The government chose to make an example out of him. The government prosecutor refusing to agree to a less severe plea deal probably thought of his career path and decided convicting an Internet activist on 13 felony counts would make a move upward in the ranks of government possible. The government may have also thought there needed to be a case that could become precedent and clearly demonstrate to the public that information was not free. Intellectual property must be respected and individuals cannot be allowed to take advantage of “loopholes” to share knowledge.

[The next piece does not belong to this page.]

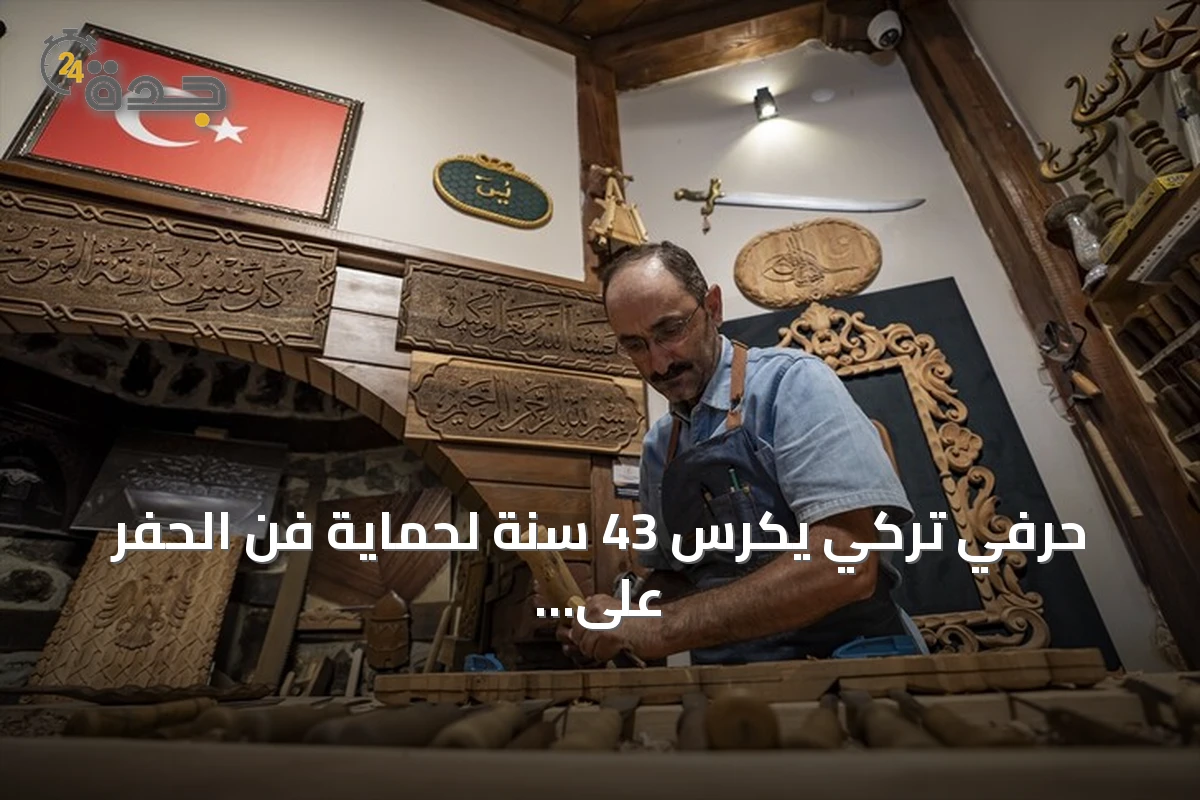 حرفي تركي يكرس 43 سنة لحماية فن الحفر على الخشب ونقله للأجيال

Just as the government sought to make an example out of NSA whistleblower Thomas Drake, made an example out of former CIA officer John Kiriakou for “leaking” a name of an agent and is making an example out of Pfc. Bradley Manning for allegedly providing classified and non-classified information to WikiLeaks, it pursued Swartz hoping to convict him and set a precedent that would limit Internet freedom and the free flow of information. Meanwhile, banks like HSBC received no jail time for terrorist financing, not a single person from a Big Bank on Wall Street was prosecuted for major financial crimes that led to the 2008 economic collapse and those in the Bush administration and intelligence community, who authorized torture, were allowed to roam free.
Finally, do not expect his suicide to change anything. The government will continue to take up cases against Internet activists, who do no real harm, while looking the other way as white collar criminals and war criminals receive accolades, enjoy prestige and success and benefit from government welfare.